* Exercise brief
Each entry has to be given again in its exact wording, and no picture may appear in the result.

* Data excerpts
=====

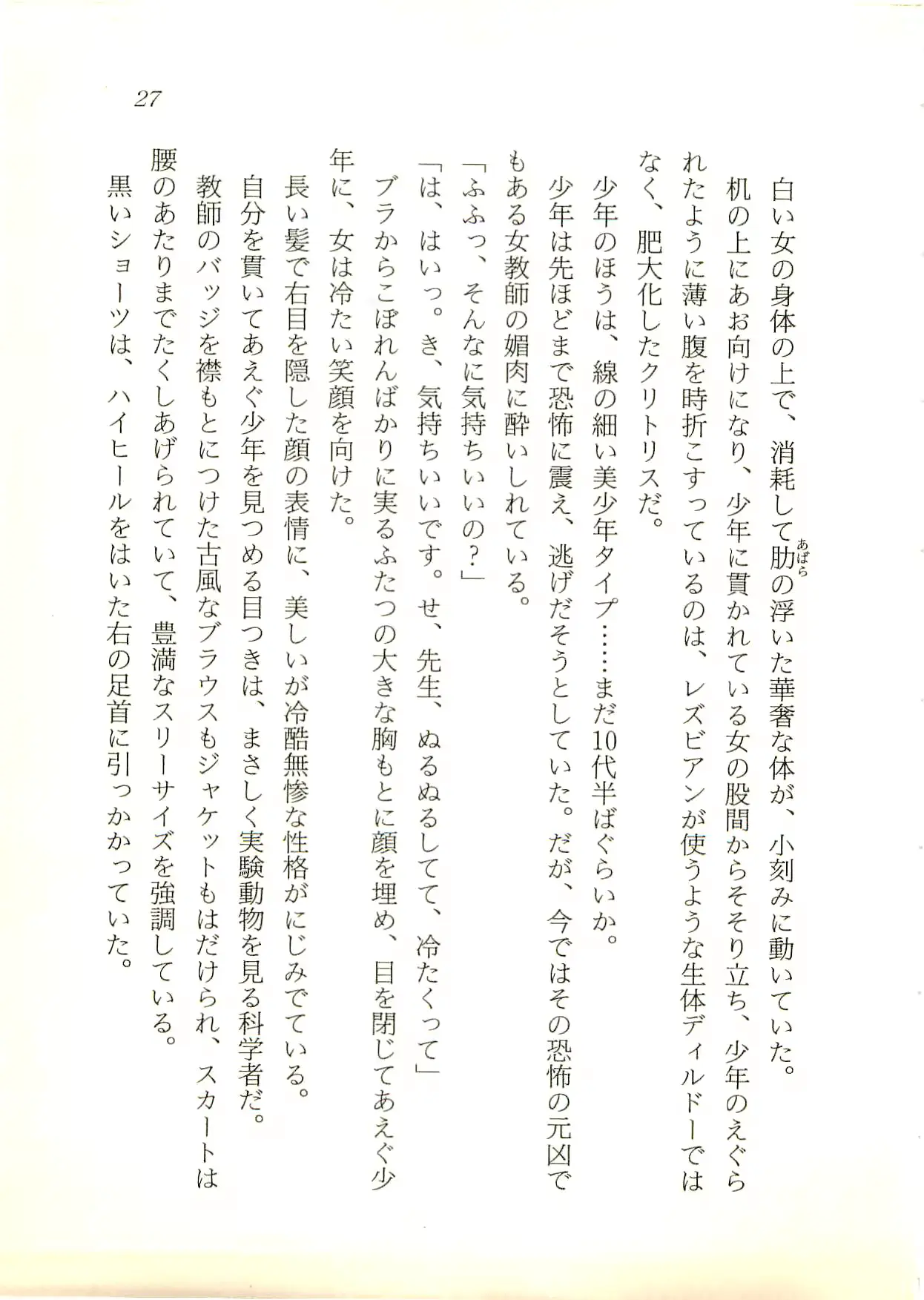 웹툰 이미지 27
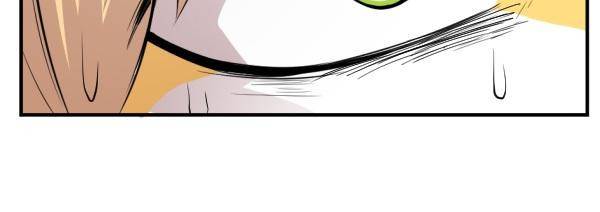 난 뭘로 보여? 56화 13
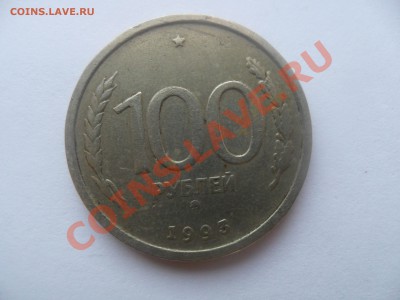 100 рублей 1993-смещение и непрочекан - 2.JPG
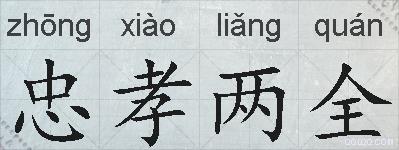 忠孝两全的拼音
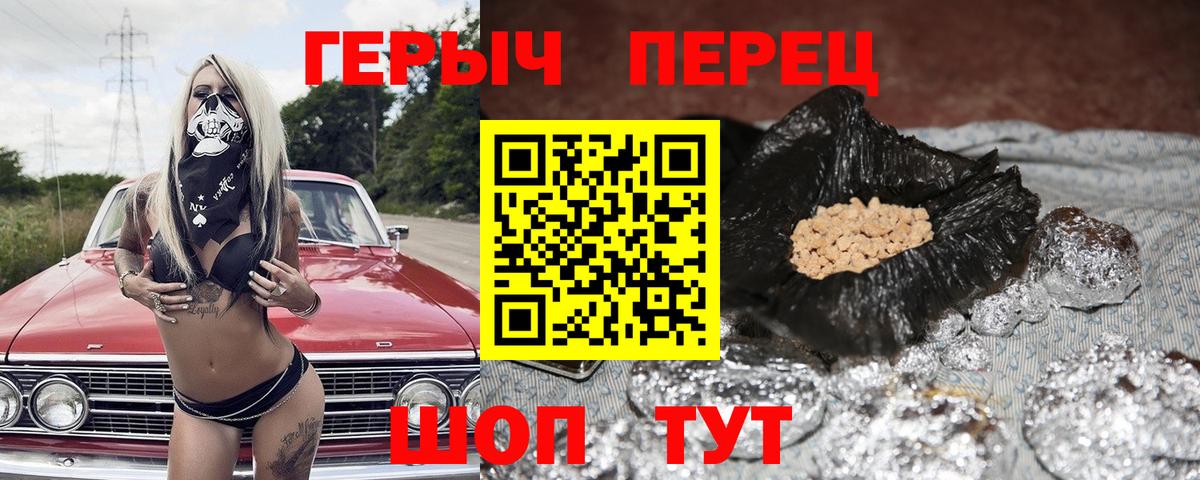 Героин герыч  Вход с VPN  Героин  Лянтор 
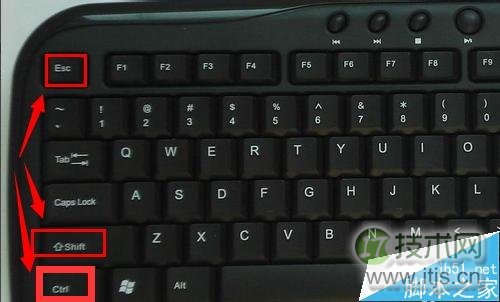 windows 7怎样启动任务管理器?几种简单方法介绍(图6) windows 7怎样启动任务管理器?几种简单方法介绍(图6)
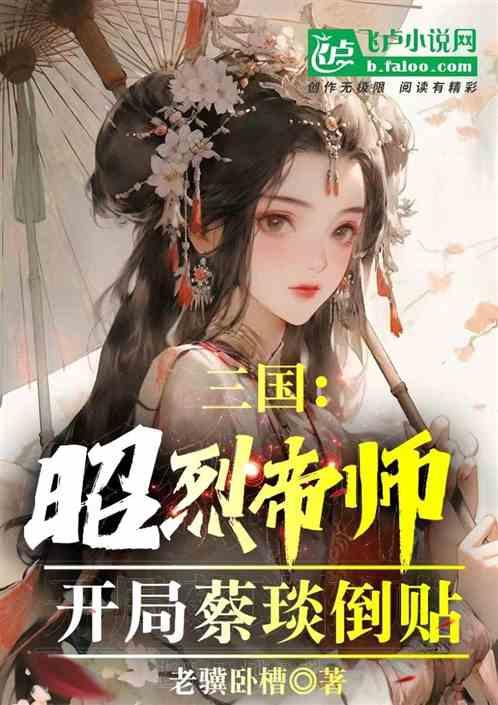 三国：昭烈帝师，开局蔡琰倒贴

=====

* Worked solution
 웹툰 이미지 27
 난 뭘로 보여? 56화 13
 100 рублей 1993-смещение и непрочекан - 2.JPG
 忠孝两全的拼音
 Героин герыч  Вход с VPN  Героин  Лянтор 
 windows 7怎样启动任务管理器?几种简单方法介绍(图6) windows 7怎样启动任务管理器?几种简单方法介绍(图6)
 三国：昭烈帝师，开局蔡琰倒贴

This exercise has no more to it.